I WAS A NaNoWriMo DROPOUT

November 29, 2010

The thing I hated most about elementary school, besides softball (I couldn’t hit and I couldn’t catch) was arithmetic drills.  Our teacher would hand out a page of 100 sums (addition, subtraction, multiplication or division) and we had to complete them in a given time, such as three to five minutes.  She might even have set a timer, a devilish contraption whose relentless tick-tick-tick twisted me like the stem of a watch.  The faster I tried to go, the more my brain hardened into a solid block that isolated facts had to worm through like a maze.  When the timer dinged!, we swapped papers for grading while our teacher read off the answers.  If she was feeling particularly sadistic, she’d have students hold up their hands who’d missed less than ten, less than twenty, less than thirty . . . I would almost always be among the worst scorers, if not the absolute bottom.

So imagine my attempting to write an average of 1666 words a day every day for National Novel Writing Month.  At least nobody set a timer.  Reports of fellow participants in NaNoWriMo finishing their quota and typing “THE END” before Thanksgiving had something of that ding! of doom about them, though.

I suspect those over-achievers are in the minority and my failure to keep up is not too much of a surprise–or a disappointment.  I don’t compose very well at the keyboard and so attempted to write my daily quota in pencil, which can’t be a recommended procedure.  I also find it difficult to construct the story outline before the story: my usual modus operandi is to just start writing the story, and see what happens.  This always involves a few false starts.  NaNoWriMo anticipates that and reassures participants that this first effort will be the roughest of rough drafts.  Maintaining tension, developing characters, even making sense–none of that is the point.  The point is to stop making excuses, stop putting it off, stop waiting for inspiration to strike, and get words on the page.  Lots of words.  At the end, what you’ll have is not likely a novel–at best it’s a pile of source material from which a novel may be constructed.

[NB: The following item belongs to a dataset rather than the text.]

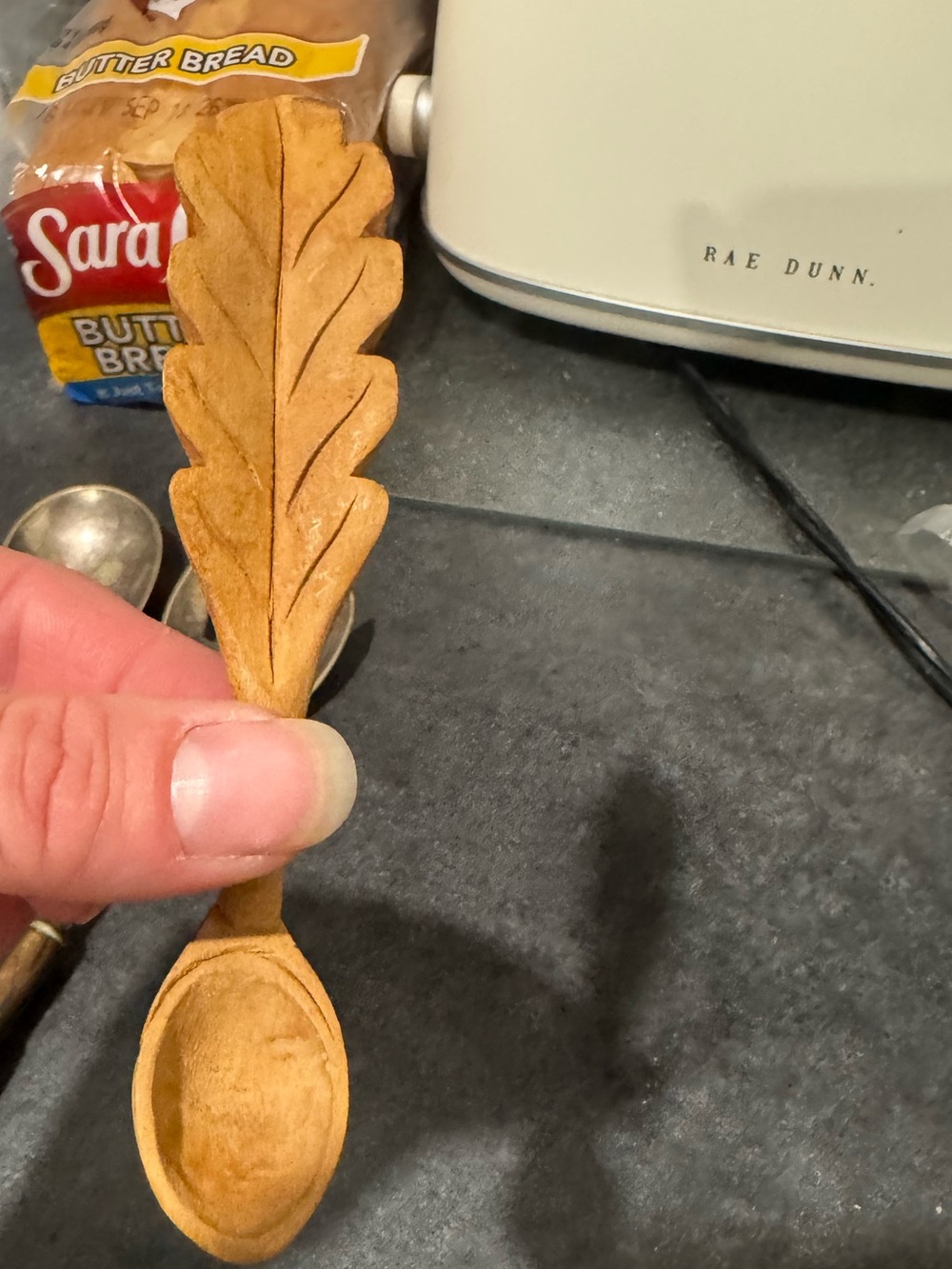 Source Unknown Hand-Carved Oak Leaf Wooden Spoon - Tan Brown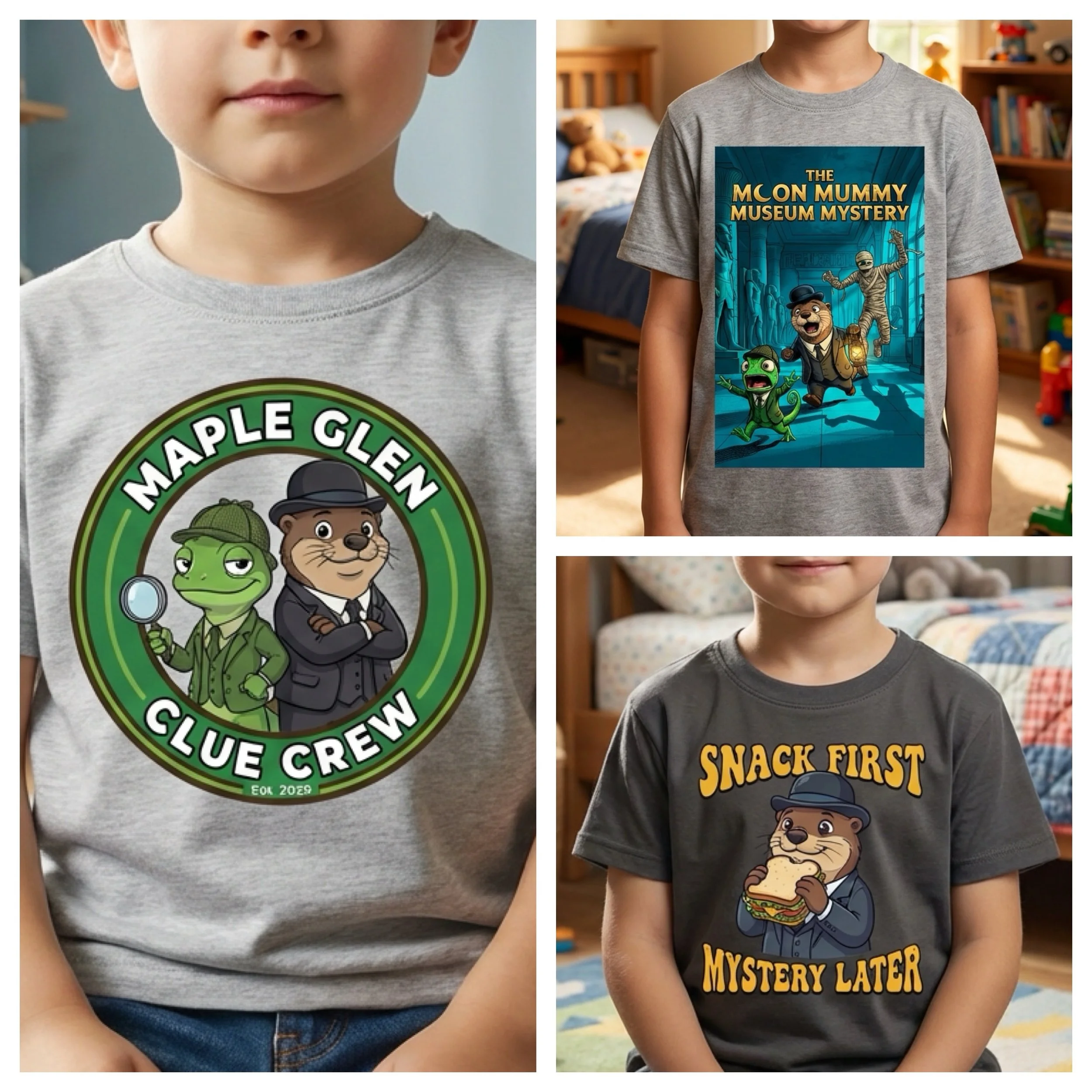 Maple Glen Clue Crew kids t-shirt Sherlock Cromes animated mystery series children's apparel merchandise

I’ve never worked that way, and won’t make a habit of it.  My purpose in joining in was to shake loose some bad habits and make myself produce.  Writers often, or usually, write when they don’t feel like it; as I heard someone say years ago, “I don’t like writing but I like having written.”  I don’t imagine building contractors like every part of the actual work, but a finished building is a sight to behold.  So I feel good about the days I managed to reach my (estimated) quota, and not too bad about the days I didn’t.  It was a useful discipline, and I do have something to show for it: about 125 handwritten pages with characters, actions, and lots of words.  Maybe something can come of it. 

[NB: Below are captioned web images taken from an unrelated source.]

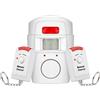 KERUI Sistema di Allarme con Sensore di Movimento Wireless KERUI, Rilevatore di Sicurezza PIR per Interni ed Esterni, Sistema di Allarme Domestico con 2 Telecomandi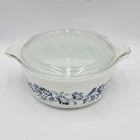 Vintage Pyrex Colonial Mist Blue Floral Pattern 750ml Casserole Dish 472B w Lid
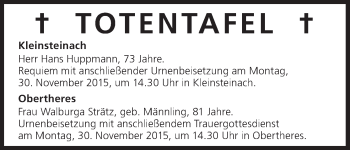 Anzeige von Totentafel vom 26.11.2015 von MGO
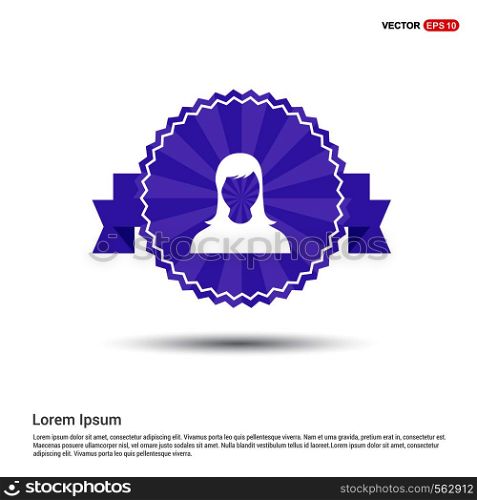 Female User Icon - Purple Ribbon banner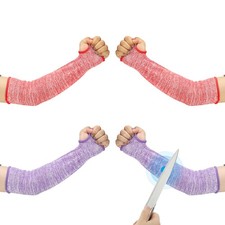 2Pairs l Arm Protectors Sleeve Cut Resistant Sleeve with Thumb Hole Purple Red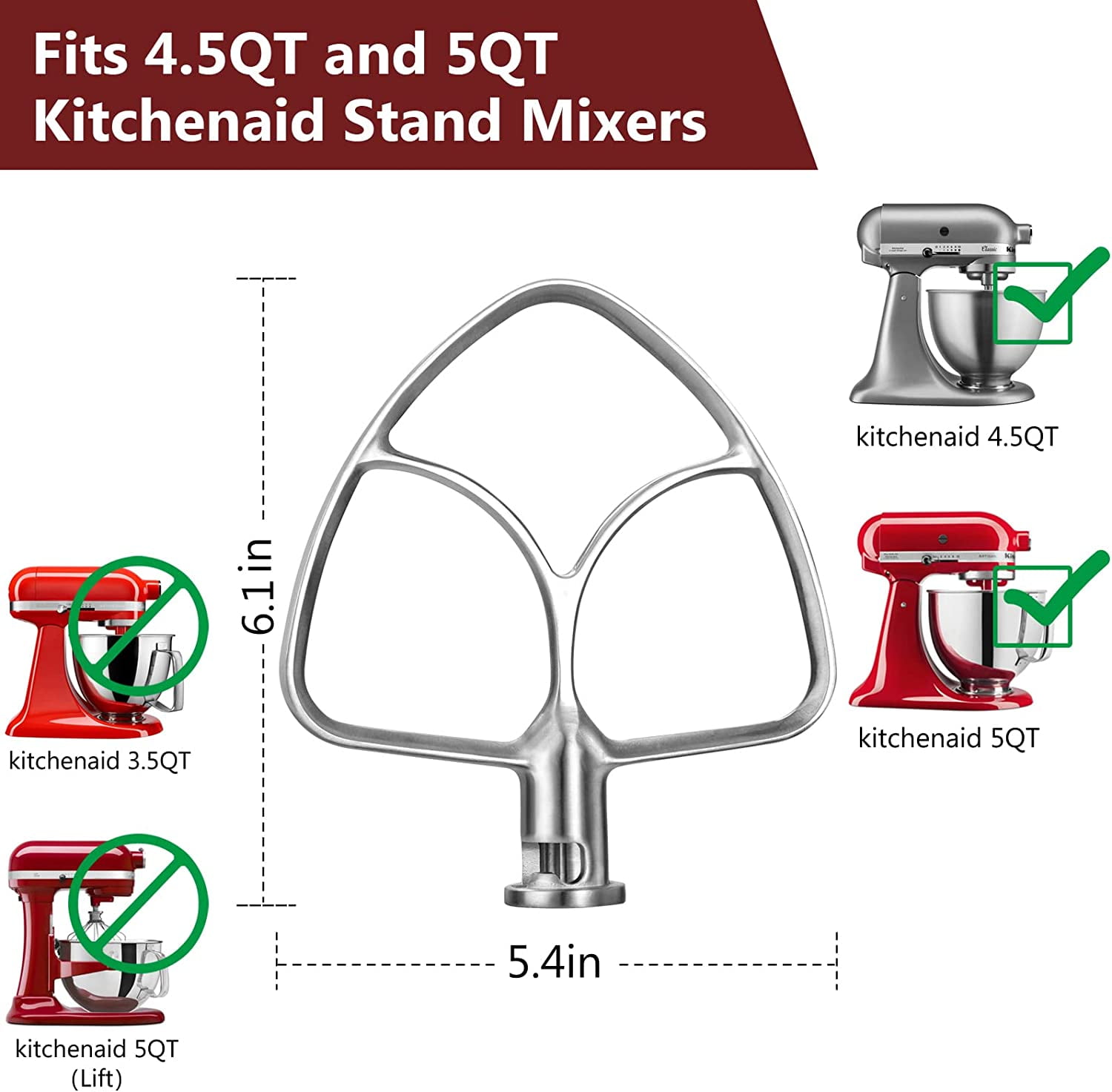 For KitchenAid 4.5-5QT/5QT/6QT Edge Beater Paddle Stand Mixer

And for next November, I’m already thinking about what I’ll do differently.

Don’t Say That! Part Two

November 12, 2010

The Michael L. Prinz Award is given by the American Library Association to a work intended for teenagers “that exemplifies literary excellence in young adult literature.”  Granted that “literary” and “excellence” are relative terms, and YA books have been pushing the limits for years, Tales of the Madman Underground pushes all the way over the cliff in one area: language.  I’ve never read worse.  Ever.  In fact, I’ve never read as bad.  It’s not just vulgarity (the f- word everywhere, s- word less frequent).  An occasional use of some of those words can be effective for certain purposes, and it’s naïve to think that our children will be ruined by seeing them on a page every now and then.  But the author’s use strikes me as gratuitous.  There’s no reason for spreading them like heavy-on-the-mayo on a hamburger which almost disappears in an excess of condiment.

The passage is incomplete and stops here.